There’s an old hackberry tree, maybe seventy feet tall, at the front of the house. Do we say “hackberry tree?” We don’t say “oak tree.” “Oak” suffices. There’s an old hackberry at the front of the house, stage right of the entrance. Perhaps I should say house left. The living room windows provide a view of its trunk and lower branches.
Molly came in and out of the office, whining, offering little yips, telling me she wanted to go outside. These cold winter days we’re pretty regular about when we dash out together so she can squat or hunch-up in the snow as the eliminatory spirit moves her, and I might have known that this was something else. Still, when she’s in guard-dog mode, scaring away the fearsome ungulates, barring the sciuridae and the leporidae from the doors, she barks — loud, fearless and fearsome, other-directed barks. This was definitely a “let me outside please” imprecation, whined with some urgency.

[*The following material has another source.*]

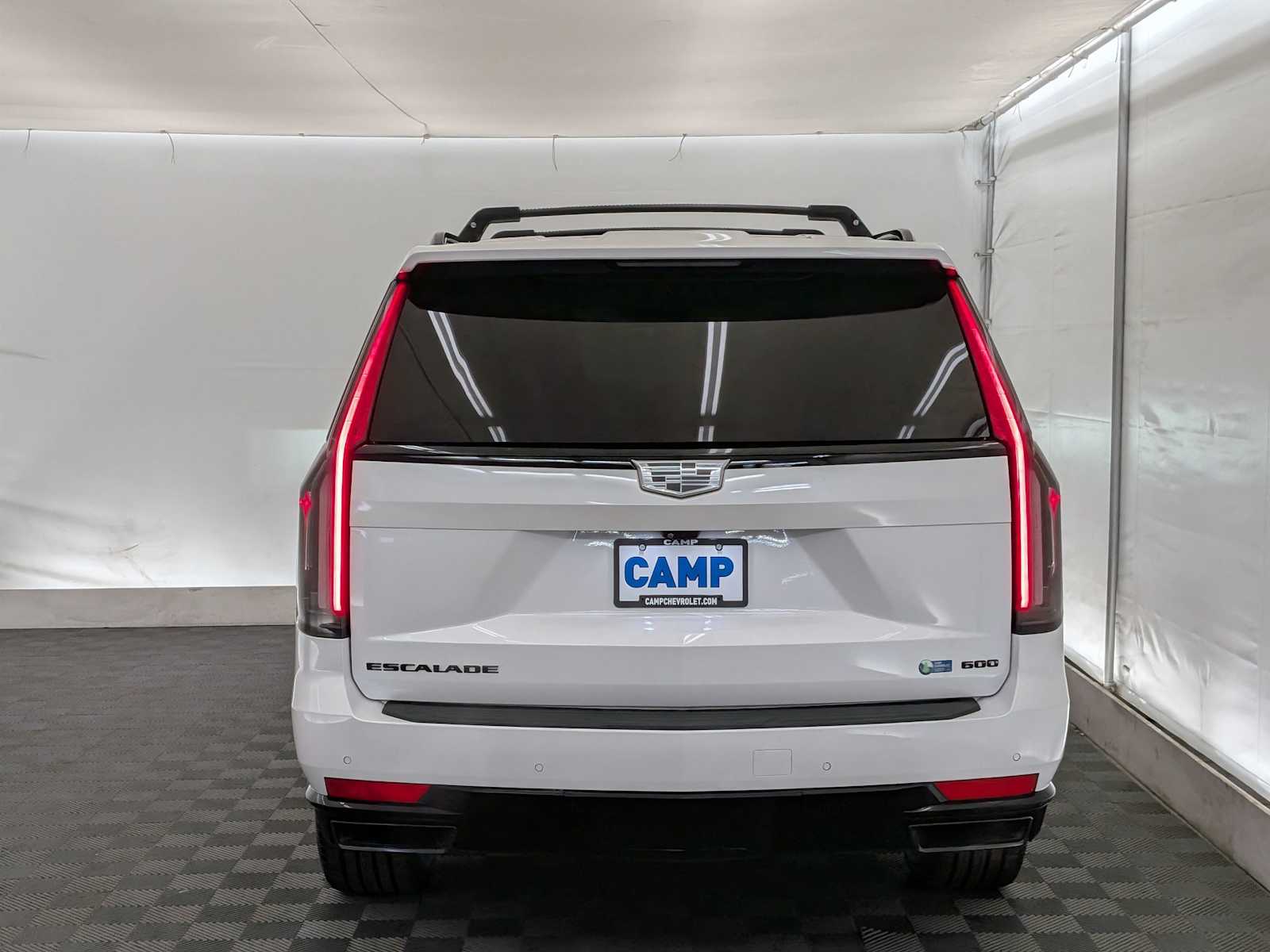 2022 Cadillac Escalade ESV Sport Platinum photo 4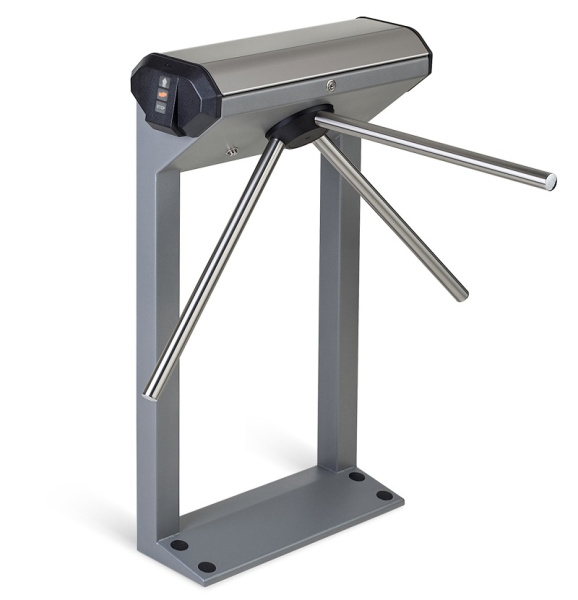 PERCo-KT02.9 + ПО PERCo-WS с модулем PERCo-WM-01, стойка электронной проходной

When I opened the front door she dashed toward the hackberry and while she danced around the base of the tree there was the scurrying and scratching sound of a raccoon climbing. I called her back. Mirabilis dictu, she came. After only four years I’ve learned enough of her language to issue simple commands that she is willing to obey. On a branch about twelve feet off the ground I saw the silhouette of what might have been a large — a very large — cat. Except for how pointy was the nose….
Molly and I went back inside. I fetched a powerful flashlight and we went upstairs. Molly didn’t need the visual aid, of course, but I enjoyed looking at the illuminated beast, his faced smudged like an American football player who thinks he can reduce glare by smearing carbon on his cheeks, his claws ideally adapted for climbing trees, opening garbage cans, ripping open plastic bags. He climbed higher in the tree. We watched him for a while, then I went to the kitchen and prepared an offering of salami and cheese which I placed at the base of the tree while offering my humble prayer that the god of garbage cans would not again scatter our trash while we slept.
The offering was accepted, but the wish wasn’t granted. There was nothing new in the garbage can since the last time he visited, but ever the optimist he needed to spread the contents and see if there was a morsel remaining that he might have missed earlier in the week. Tonight I’ll place a box trap by the garbage can, bait it with carrots and banana peel and maybe a dab of sturgeon eggs, a slice of salami. Tomorrow I’ll take him to a city park, to a place where there are more garbage cans than he can find on this quiet country road. By the time he finds his way back I’m hoping enough snow and ice will have melted that I can put the garbage can back in the little raccoon proof shed where it belongs.